Among Toots & the Maytals genre-defining songs: “Pressure Drop” — famously covered by The Clash — “Sweet and Dandy,” “Monkey Man” and “54-46 Was My Number,” the latter inspired by Hibbert’s 1967 nine-month stint in jail for pot possession.  Their music was also featured in the landmark 1972 Jimmy Cliff film The Harder They Come, whose soundtrack has been described as “bringing reggae to the world.”

The Maytals counted music’s elite among their fans: In 2004, they released a Grammy-winning duets album called True Love that featured Eric Clapton, Bonnie Raitt, Keith Richards, No Doubt and Phish’s Trey Anastasio, as well as Willie Nelson, The Roots and Shaggy.

Hibbert’s death comes just weeks after the release of Got to Be Tough, the Maytals’ first full-length album in more than a decade.  It was produced by Zak Starkey and featured Starkey’s dad, Ringo Starr, as well as Sly Dunbar, Cyril Neville and Ziggy Marley.

In a statement on Instagram, Ziggy wrote, in part, “i am fully in sorrow tonight i will miss his smile and laughter his genuine nature @tootsmaytalsofficial was a father figure to me his spirit is with us his music fills us with his energy i will never forget him. #foundingfather.”
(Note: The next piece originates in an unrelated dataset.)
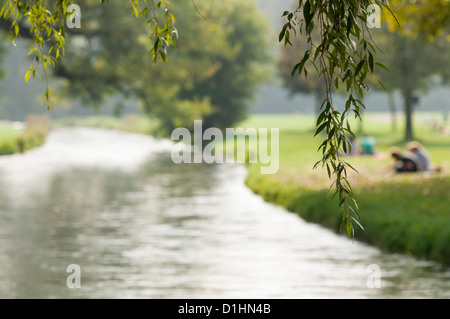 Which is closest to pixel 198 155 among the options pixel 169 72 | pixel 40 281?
pixel 169 72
Warren Haynes of the Allman Brothers Band and Gov’t Mule wrote a lengthy tribute to Hibbert, recalling his experiences performing with him over the years — especially a 2006 New Year’s Eve show at New York’s Beacon Theater during which he joined Gov’t Mule for an entire set.

“‘Toots’ was, in my opinion, the greatest Jamaican soul singer,” Haynes wrote. “I say that not to downplay his immense role in the creation of Reggae music — he coined the term Reggae — but to point out that as a singer his voice stands among the giants like Otis Redding, Ray Charles, Solomon Burke, Jackie Wilson, Sam Cooke etc.”